# [Prompt]
In the records below, find the line containing "Stofferia Stoff Dekostoff". Output it and every line after it to the end, unchanged, with no pictures.

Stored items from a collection
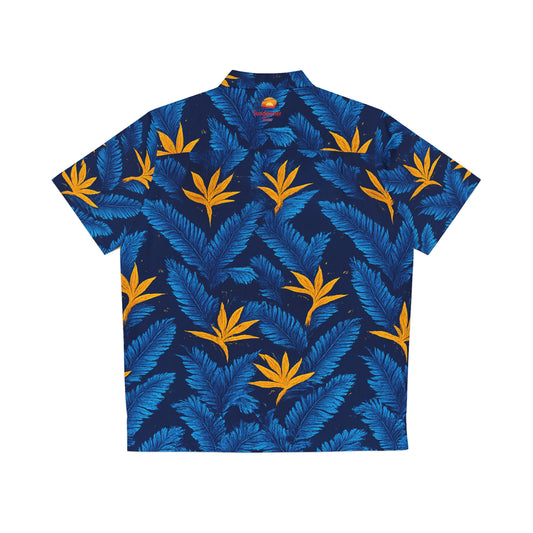 Tropical Leaf Hawaiian Shirt - Blue & Gold Palm Print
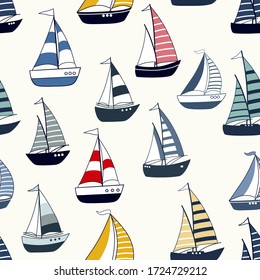 Marine seamless pattern with cartoon boats on white background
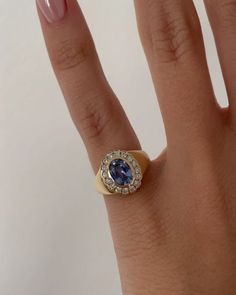 REAL FINE STUDIO on Instagram: "our heirloom signet in ceylon sapphire & diamonds 🥹 available in 14k and 18k gold #realfinestudio" Modern Saphire Ring, Signet Engagement Rings Women, Light Blue Sapphire Ring, Saphire Engament Ring Gold Band, Real Gold Rings, Engament Rings, 2025 Manifestation, Dream Rings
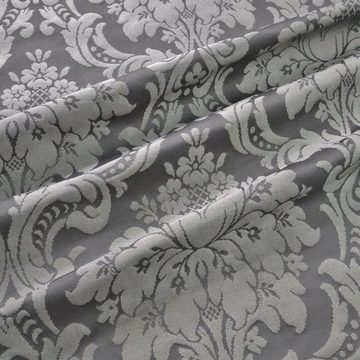 Stofferia Stoff Dekostoff Taft Jacquard Damask Grau, Meterware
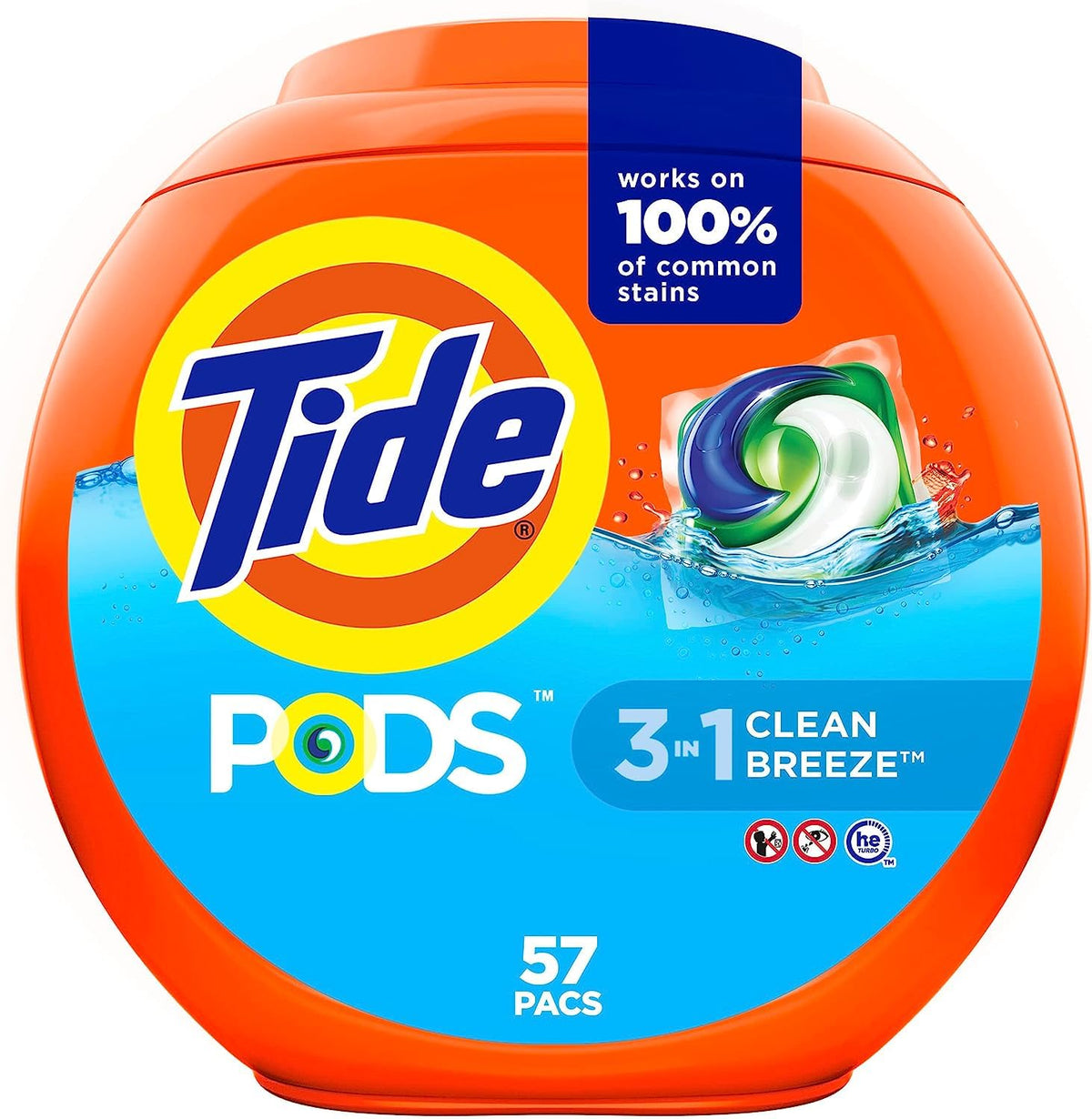 Tide PODS 3-in-1 Laundry Detergent Pacs – 112-Count, Stain Remover, Odor Fighter & Color Protector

# [Expected answer]
 Stofferia Stoff Dekostoff Taft Jacquard Damask Grau, Meterware
 Tide PODS 3-in-1 Laundry Detergent Pacs – 112-Count, Stain Remover, Odor Fighter & Color Protector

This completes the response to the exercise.